What I want is to have a grid class that uses my controls even if I have columncount = -1. It would have been nice if I could have used a memberclass for the control as well. What I did works but is not as easy to work with.
Thanks for your response.
>I must be missing just what it is you're asking for. Since you can't visually define a column class, you have to define in a .PRG.
>
>You then set the Grid's .MemberClass property to your classname in your .PRG (which automatically sets the .MemberClassLibrary to the .PRG. You can set that in the class designer for a grid, or for a form with a grid in it. When columns are added to your grid, they'll use your custom column definition, which you can either add controls in the DEFINE CLASS with ADD OBJECT, or you can use the AddObject() method to add your controls.
>
>
>* custcolumn.prg
>*
>DEFINE CLASS myColumn AS Column
> ADD OBJECT MyText AS TextBox ;
> WITH FontSize=12, ;
> FontBold = .T., ;
> Visible = .t.
>ENDDEFINE
>
>Once you have this, all you need to do is modify the Grid.MemberClass and Grid.memberClassLibrary properties to use your new column with it's custom controls.
>
>
>>Hi Fred,
>>
>>That is what I was asking.
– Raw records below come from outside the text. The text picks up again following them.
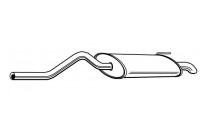 Exhaust backbox / end silencer 22029 Walker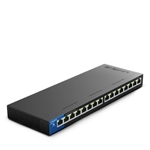 Linksys Business LG116 - Switch, 16 Ports, Gigabit Ethernet, 16Gbps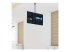 StarTech.com Ceiling TV Mount - Left-angle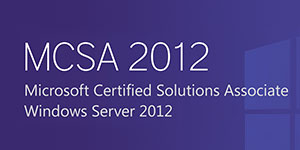 MCSA Windows Server 2012R2
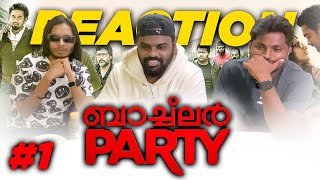 நண்பர்களின் வருகை| Bachelor Party - 2012 മലയാളം Movie Part 1| Asif Ali | Amal Neerad |Tamil Reaction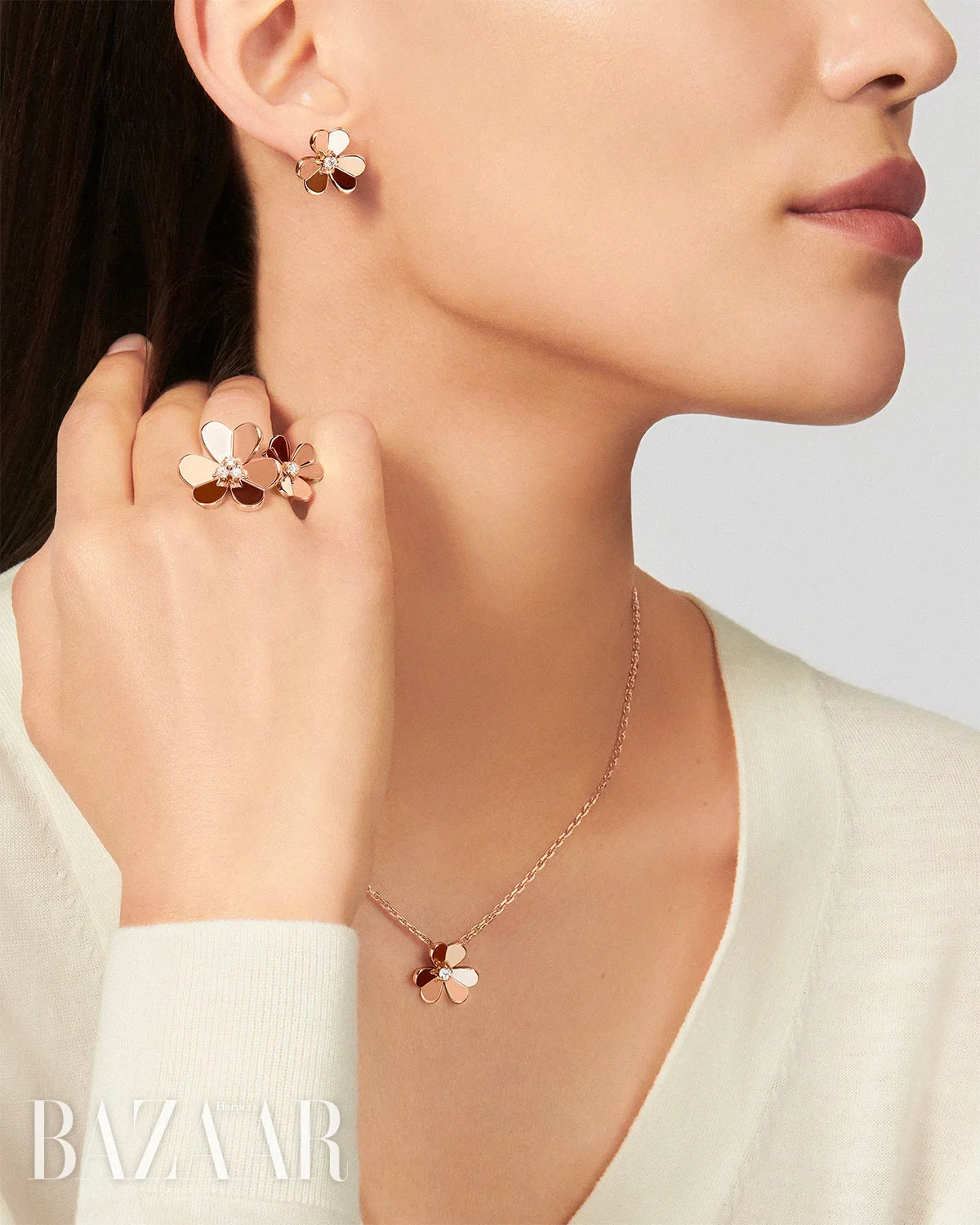 Đón xuân 2024 với trang sức Van Cleef & Arpels Frivole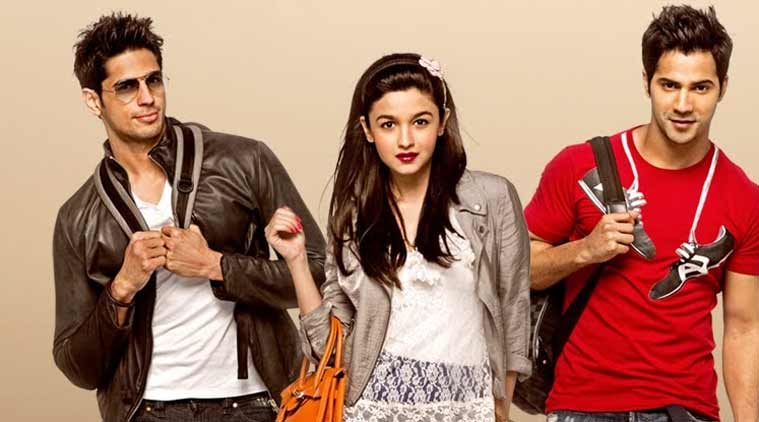 Karan Johar, Student Of The Year, Alia Bhatt, Sidharth Malhotra, Varun Dhawan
How do I define a column with MY control? The only way I could find was to addobject() in my colum code. I added the properties below so I can change the control in the visual designer.
>>
>>>But can't you just define a column class that uses your TextBox and then use the Grid's MemberClass properties to add your specialized column? I do believe that's the intent of the whole MemberClass animal.
>>>
>>>
>>>>Fred,
>>>>
>>>>Too bad. It would have been nice to be able to define a default control different from the base textbox we get now. I find that the text1 control that always gets added is not if my control class addes my control at runtime. For example.
>>>>
>>>>
>>>>DEFINE CLASS cColumn AS column
>>>> HeaderClass = "cheader"
>>>> HeaderClassLibrary = "cgridclass.prg"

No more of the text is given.